Work item: Retype the data below verbatim; pictures do not belong in the copy.

Dataset content:
++++

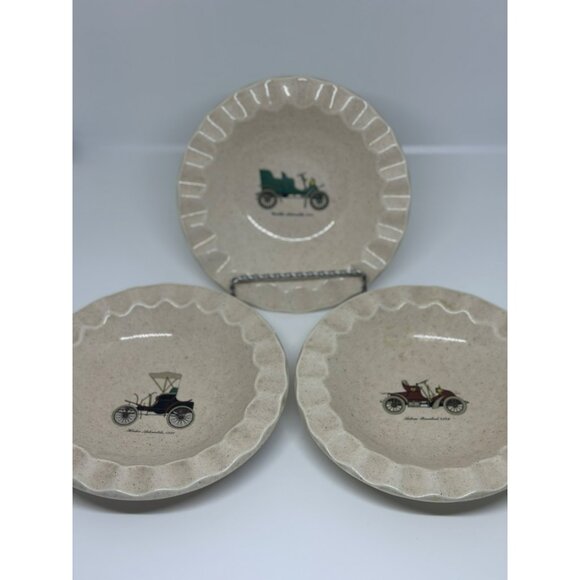 Set Of 3 Vintage Ashtray Royal China Inc made in USA Automobile Motor Wagon - Picture 1 of 6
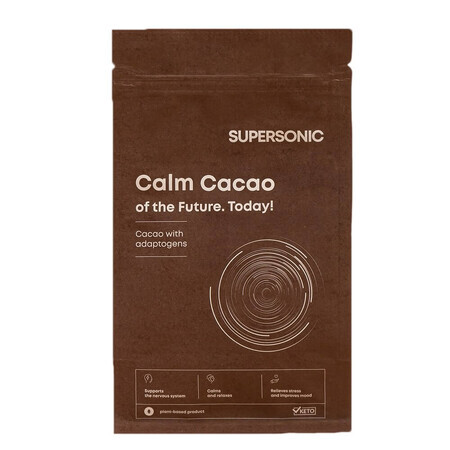 Supersonic Calm Cacao, cacao fonctionnel aux adaptogènes, 225 g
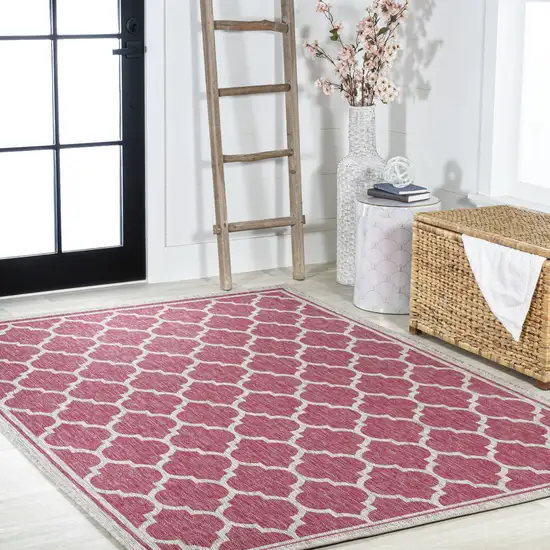 Fuchsia And Light Gray Geometric Indoor Outdoor Area Rug Photo 8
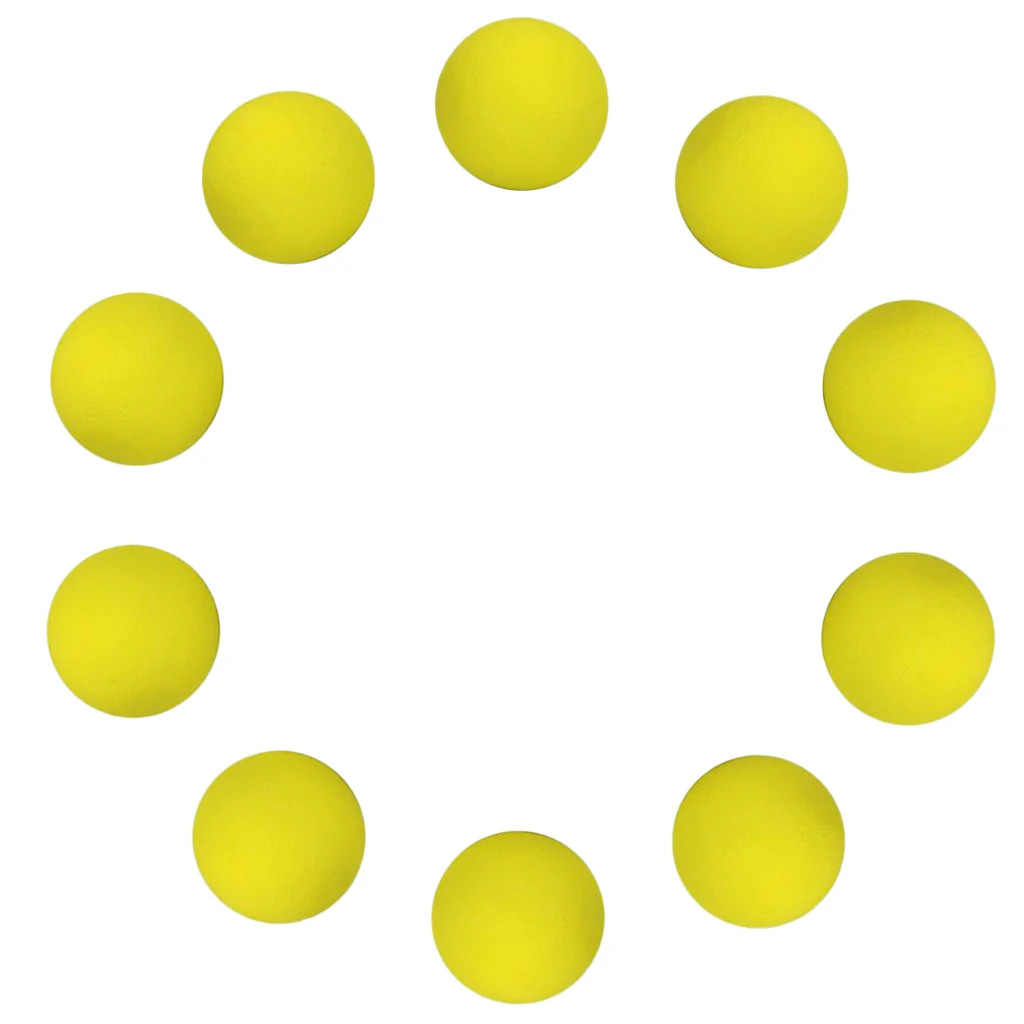 10 шт./партия, мячи для гольфа из пенополистирола, мягкие губчатые шарики для игры в гольф на открытом воздухе, мячи для игры в гольф/теннис, 9 цветов - Цвет: Yellow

++++

Exercise response:
 Set Of 3 Vintage Ashtray Royal China Inc made in USA Automobile Motor Wagon - Picture 1 of 6
 Supersonic Calm Cacao, cacao fonctionnel aux adaptogènes, 225 g
 Fuchsia And Light Gray Geometric Indoor Outdoor Area Rug Photo 8
 10 шт./партия, мячи для гольфа из пенополистирола, мягкие губчатые шарики для игры в гольф на открытом воздухе, мячи для игры в гольф/теннис, 9 цветов - Цвет: Yellow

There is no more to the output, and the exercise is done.